Most folks get into the construction business for the construction, not the business. But you’ve got to be good at both to run a profitable and sustainable enterprise.
We checked in with construction industry consultant Shawn Van Dyke, founder of the Built to Build Academy and The DataMule Agency, to find out what you can do today to get and keep your business on sound footing.
—Bianca Prieto, editor
What's the most important lesson you learned as a contractor?
Find out what you make the most margins at and focus on that. Just because you can do everything doesn't mean you should. The more specific a service or product is, the more value you can create. And the more value you can create, the more margin you can generate.
What's one thing contractors can do right now to improve profitability?
Create a separate bank account for the profits of the business and allocate and transfer a small percentage of every revenue dollar that comes in to that account. That way, you can see that money in its own account, separate from all the other money, and know if that account goes to $0, then you probably aren't really making a profit—even if the P&L says you are. And the great thing about a simple cash management system like this is that you don't have to run a financial report or ask the CPA how much profit you have.
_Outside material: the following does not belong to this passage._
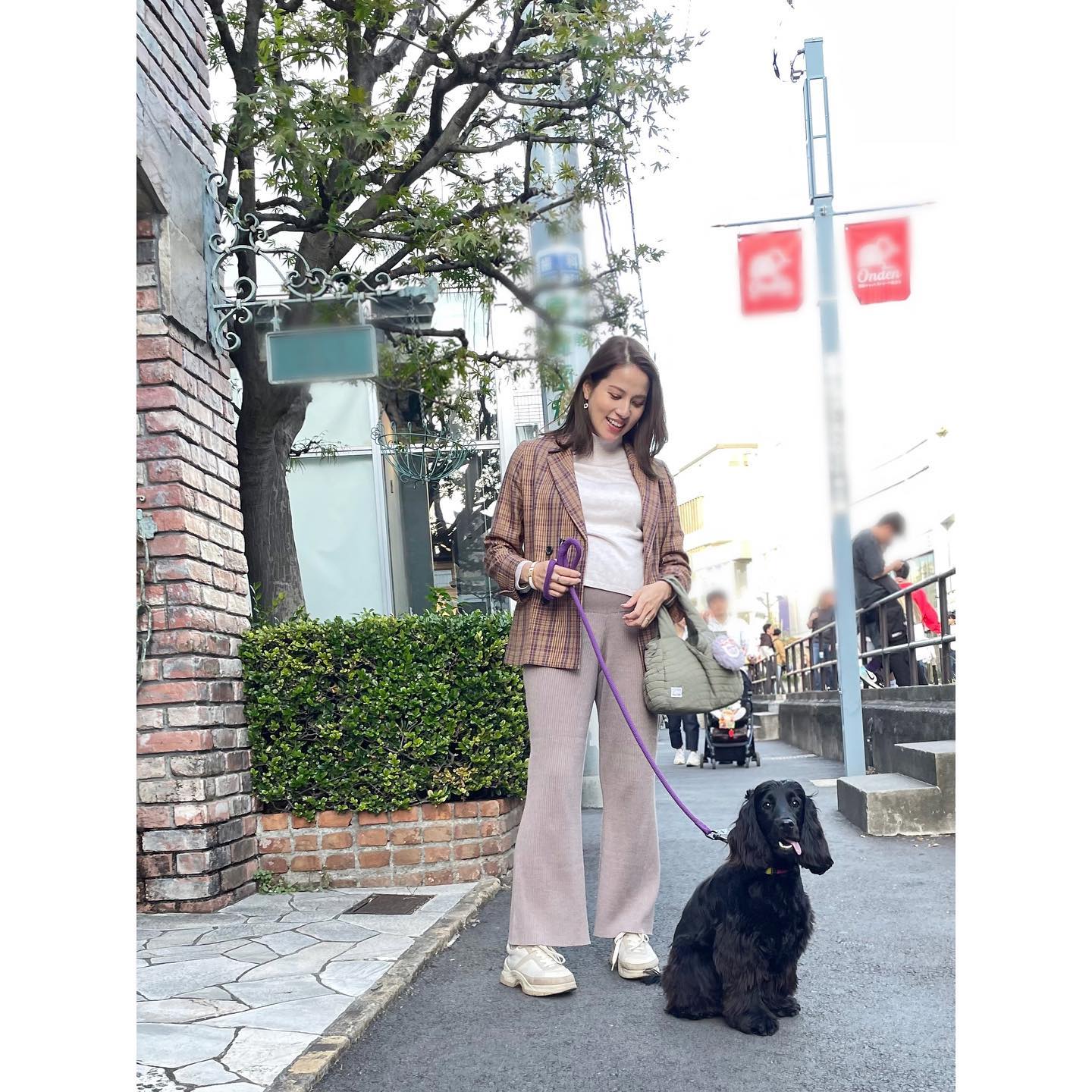 第1子妊娠中の永島優美アナが愛犬と散歩へ「メルシー🐶大きくなりましたね🎵お腹も？」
You can see the actual dollars in a bank account called "profit."
What’s a common mistake we should avoid?
Guessing at what a project will cost instead of calculating what a project costs. The reason that this is a problem is a psychological bias called the planning fallacy, the tendency to underestimate the time, costs and risks needed to complete a task or project, while also overestimating the potential benefits. Basically, humans have a tendency to assume the best-case case and plan for that, while ignoring historical data that proves conditions are never as optimized as we estimate.
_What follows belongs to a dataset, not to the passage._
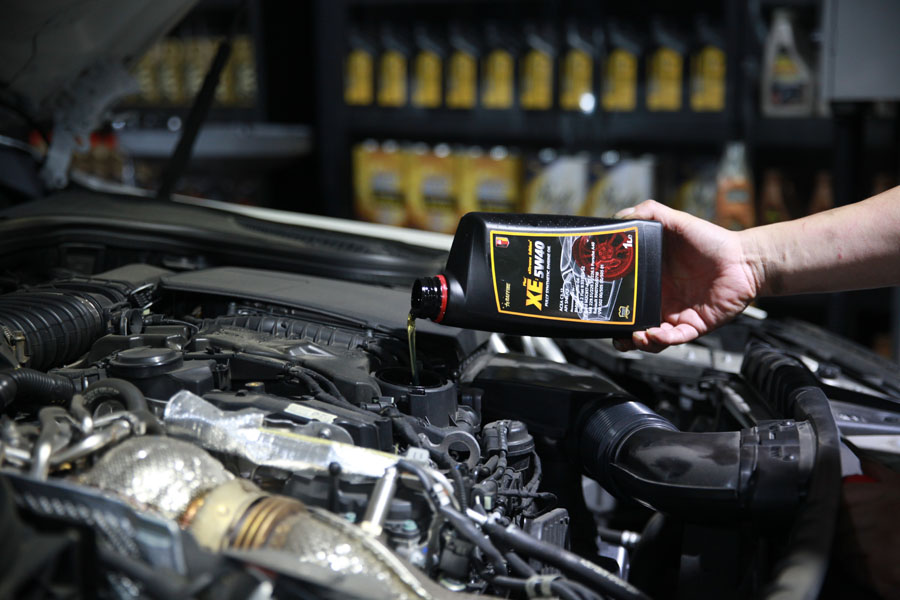 벤츠 E220D 카브리올레 엔진오일 교체 시 점검도 유심히 18 벤츠 E220D 카브리올레 엔진오일 교체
Hire a professional construction bookkeeper and implement job costing/project management software. You can't outwork the math of your business. If the math isn't right, then no matter how much work you put in place, you'll never grow in a sustainable way. Get the math right and everything changes.
With so much uncertainty, how can we manage our stress levels?
Hire people who are smarter than you. It's what I call hiring above the line. There's a line, a ceiling, a cap, for your skills and abilities. When you hire below the line—you are better than that person at that skill—then all you get is help. When you hire someone above the line—meaning they are better at that thing than you are—you get freedom. Hiring help is usually less expensive in dollars, but more expensive in time, effort and stress. Hiring for freedom costs more dollars right now, but it relieves or avoids long-term stresses.